Some believe the 1990 riots were the start of positive change. I disagree. Whilst the 1990s did see physical refurbishments across the estate, including in-cell sanitation, it would be a lie to claim that this was a direct result of the riots. These critics overlook the range of new mechanisms brought in to control us after the riots: the IEP Scheme; Sentence Planning; Volumetric Control; MDT; risk assessments; offending behaviour courses; NOMS; C&R; Close Supervision Centres … I could go on.

Even on the most positive reading, the riots got us the Ombudsman, TV and bogs. That’s it. On the other hand, it saw us being wrapped up in a mesh of control mechanisms that mess with our daily lives to an extent greater than ever known in prison history. It can easily be argued that the 1990 riots were a disaster. And I say this as someone who was on the roof at Bristol in 1990, not as some armchair historian.

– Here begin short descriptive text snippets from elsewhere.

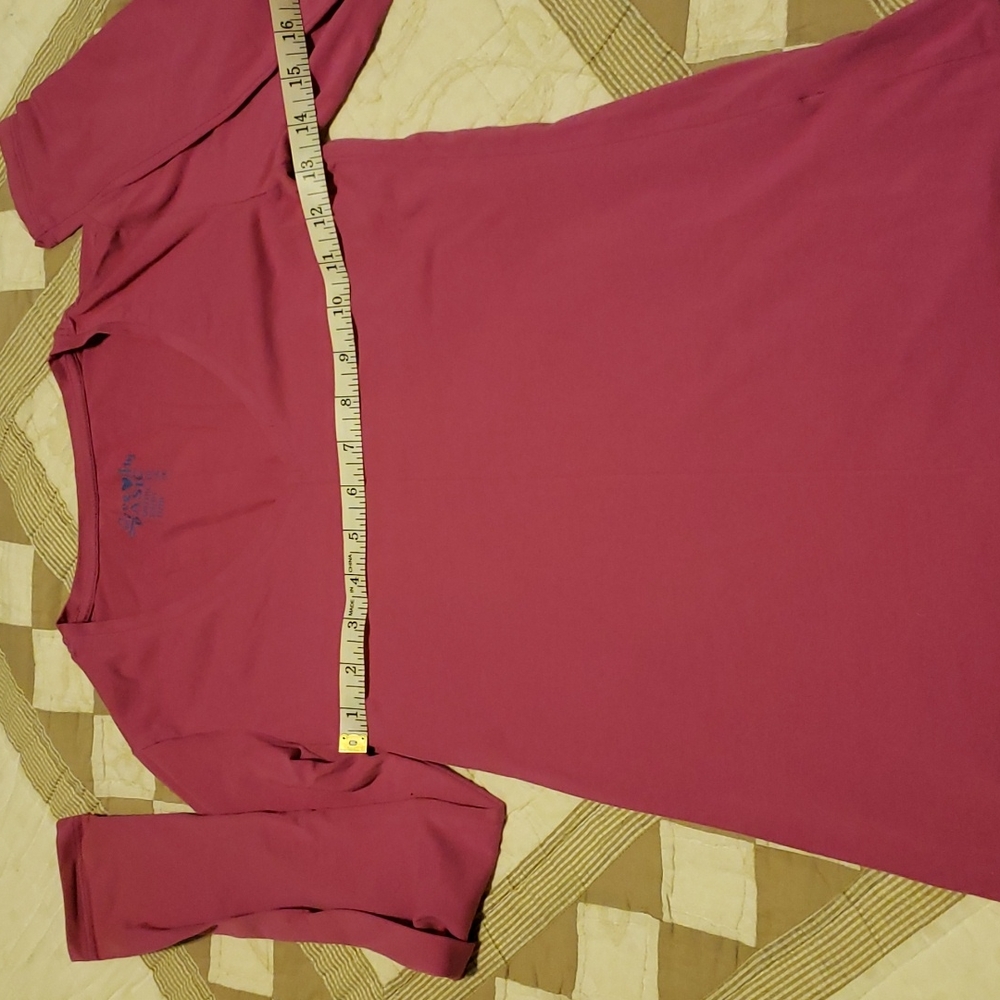 Like new. V neck long sleeve T. Fabric very soft. Stretchy . Wore twice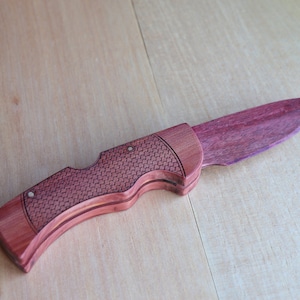 May include: A handcrafted wooden folding knife with a purple blade and a reddish-brown handle. The handle features a textured pattern and is secured with small rivets. The knife is displayed on a light-colored wooden surface.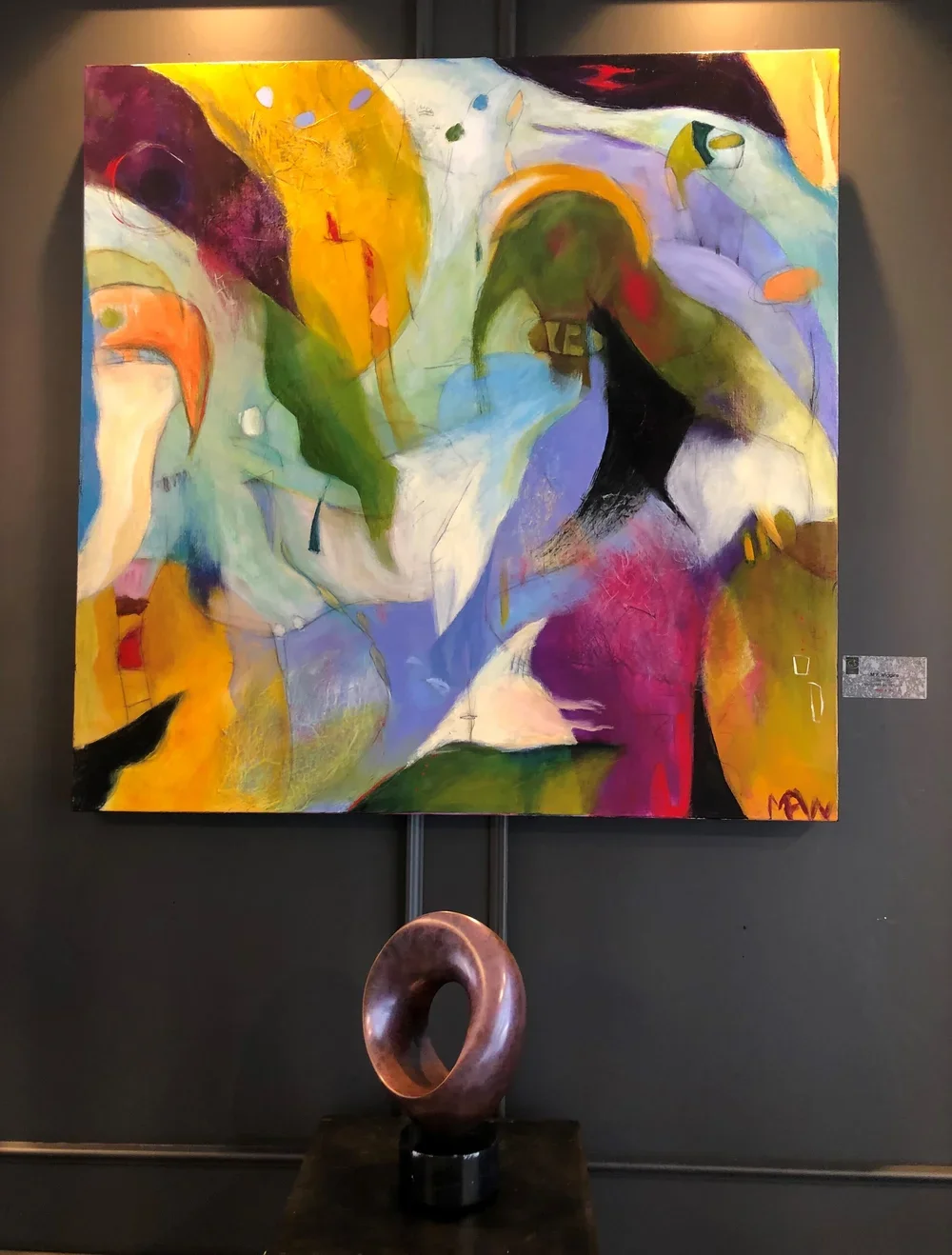 An abstract painting with vibrant colors including yellow, purple, green, black, red, and white, featuring various shapes and brushstrokes. A bronze sculpture of a donut-shaped object is displayed below the painting.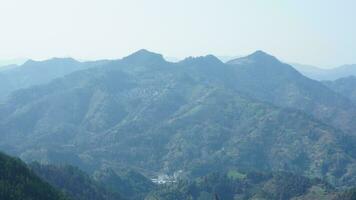 The beautiful mountains view from the top of the hill in spring photo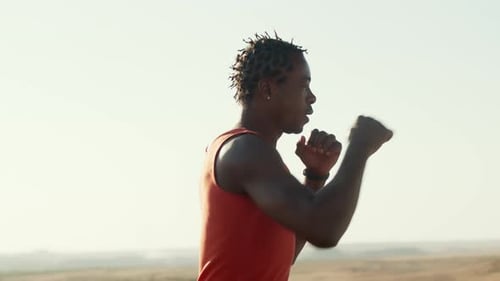 Black Boxer Runs and Trains His Punches Outdoors Background Sky Side View
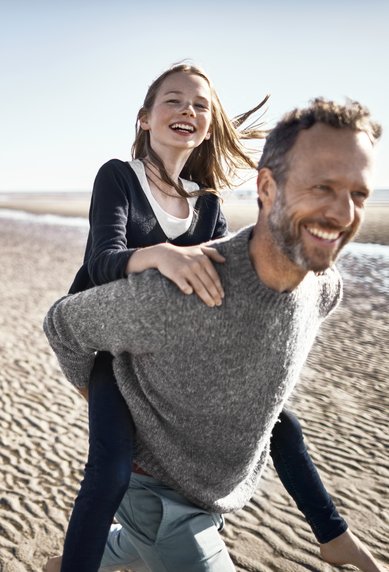 Eine Gruppe von fünf Personen geht am Strand entlang. Ein Mann trägt ein Mädchen auf dem Rücken, während zwei Frauen und ein Junge in der Nähe spazieren. Der Himmel ist klar und die Sandfläche ist sichtbar.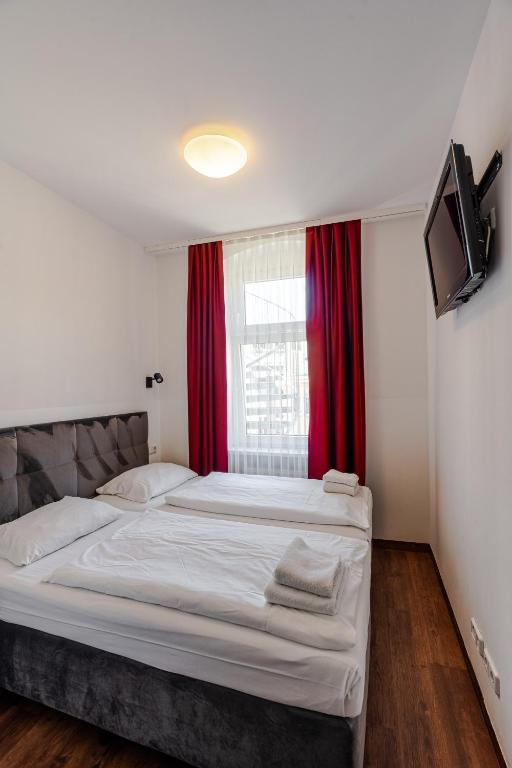 Postel nebo postele na pokoji v ubytování Hotel Prens Berlin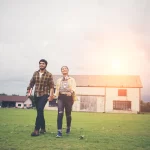 Two students walking in a field.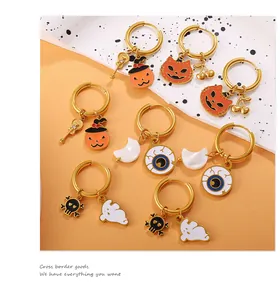 Macro shot of Halloween themed 18K gold earrings with pumpkin, ghost and skull charms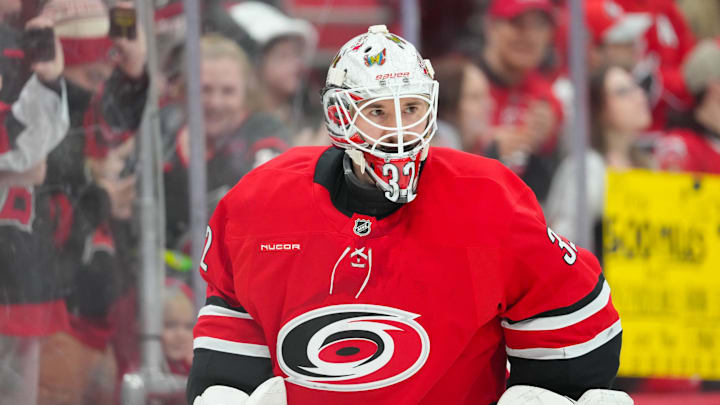 Jan 16, 2026; Raleigh, North Carolina, USA;  Carolina Hurricanes goaltender Brandon Bussi (32) skates during the warmups before the game against the Florida Panthers at Lenovo Center. Mandatory Credit: James Guillory-Imagn Images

I think that violence has only one use – as self-defence against brutality. When a prison is out of control, when governors, area managers and IMB cannot or will not restrain the worst excesses of staff, then rebellion is a just method in a just cause. Think of the old Dartmoor or Scrubs in the late 1990s as examples where violence was the only means left to prisoners to defend themselves.

Apart from that, I believe violent rebellion would be wrong on every level. Politically, it would be a disaster for prisoners’ rights, playing into the hands of those who characterise us as animals. Practically, it would lead to even greater methods of control.

This doesn’t mean we are powerless. What critics overlook (whilst calling me naive) are the lessons from other situations where one side seems to have the preponderance of force. That lesson is the one that Gandhi taught the British Empire and Vaclav Havel taught the Czechoslovak dictatorship. The lesson is simple – whilst the system may have Force, it is the masses that have Power.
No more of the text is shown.